Offrir des enfants à l'adoption, sur le même principe, aurait exigé de respecter les conditions
normales, au lieu de se servir, sans aucun égard pour les institutions locales. Le fait que ces
enfants n'étaient, semble-t-il, pas orphelins, valide précisément les procédures habituelles en
matière d'adoption, au moins comme garde-fous.
Mais il ne faut pas non plus être injuste. Parce que, nous le savons tous, à la fin, ce qui reste est
toujours le juste et l'injuste. Si un trafic d'enfant est toujours possible (on ne peut pas forcément
dire que certains n'utilisent pas des raisons humanitaires pour s'y livrer), il ne me paraît pas
exact de dire que les personnes engagées dans cette affaire avaient cette intention. La publicité
de cette opération humanitaire (le gouvernement français étant averti qu'elle allait avoir lieu)

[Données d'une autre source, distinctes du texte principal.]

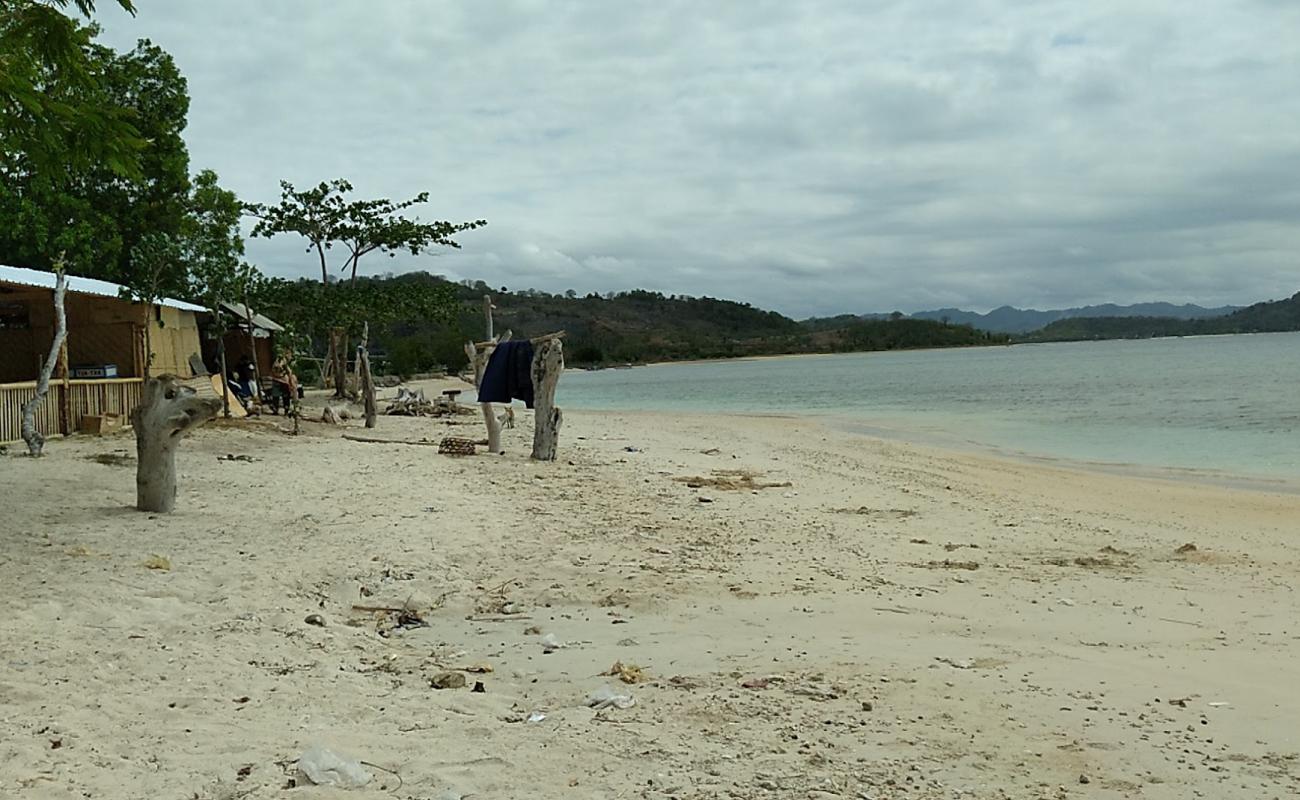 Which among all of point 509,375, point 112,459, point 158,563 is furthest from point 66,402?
point 158,563

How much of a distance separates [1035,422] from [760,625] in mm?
23797

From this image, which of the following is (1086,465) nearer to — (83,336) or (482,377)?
(482,377)

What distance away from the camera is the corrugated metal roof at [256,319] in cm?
2064

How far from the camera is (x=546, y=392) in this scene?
45.1ft

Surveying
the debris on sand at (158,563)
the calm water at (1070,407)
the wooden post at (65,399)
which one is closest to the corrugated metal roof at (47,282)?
the wooden post at (65,399)

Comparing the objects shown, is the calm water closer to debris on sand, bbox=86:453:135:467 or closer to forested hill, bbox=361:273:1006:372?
debris on sand, bbox=86:453:135:467

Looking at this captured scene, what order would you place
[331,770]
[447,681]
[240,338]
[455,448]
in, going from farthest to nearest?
[240,338], [455,448], [447,681], [331,770]

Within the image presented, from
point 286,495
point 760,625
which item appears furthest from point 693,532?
point 286,495

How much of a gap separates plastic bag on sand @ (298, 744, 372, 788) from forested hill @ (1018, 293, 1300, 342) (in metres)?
149

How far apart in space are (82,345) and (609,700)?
1523 centimetres

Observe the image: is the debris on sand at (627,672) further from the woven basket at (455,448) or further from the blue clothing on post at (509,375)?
the blue clothing on post at (509,375)

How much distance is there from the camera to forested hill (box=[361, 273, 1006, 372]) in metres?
95.4

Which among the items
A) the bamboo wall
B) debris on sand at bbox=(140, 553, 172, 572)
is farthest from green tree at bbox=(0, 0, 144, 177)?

garantit que cette bonne foi est au moins le cadre général. Le problème est davantage celui des
associations, qui dépendent un peu trop de bonnes volontés, forcément volontaristes, et souvent
exaltées. Ce recours à la stratégie associative est la preuve de la dérive que provoque la
démission de l'État. Et cela devient le mode d'action des états eux-mêmes (un équivalent est le
recours à des armées de mercenaires dans le conflit irakien). Cette opération rocambolesque peut
surtout se réduire à un coup médiatique. Ce qu'elle aurait été en cas de succès, dans la
concurrence que se livrent ces associations pour conquérir une légitimité.
Il existe, cependant, un élément qui plaide en faveur de la bonne foi des personnes qui voulaient
accueillir les enfants en question. Car en France, en ce moment, règne une forme de racisme,
spécialement à l'égard des Noirs, qui fait penser que des gens qui voulaient en accueillir avaient
de véritables bonnes intentions en opposition consciente avec la tendance dominante [la presse
s'est fait l'écho de la lucidité d'une famille de candidats à l'adoption à l'égard de ce phénomène].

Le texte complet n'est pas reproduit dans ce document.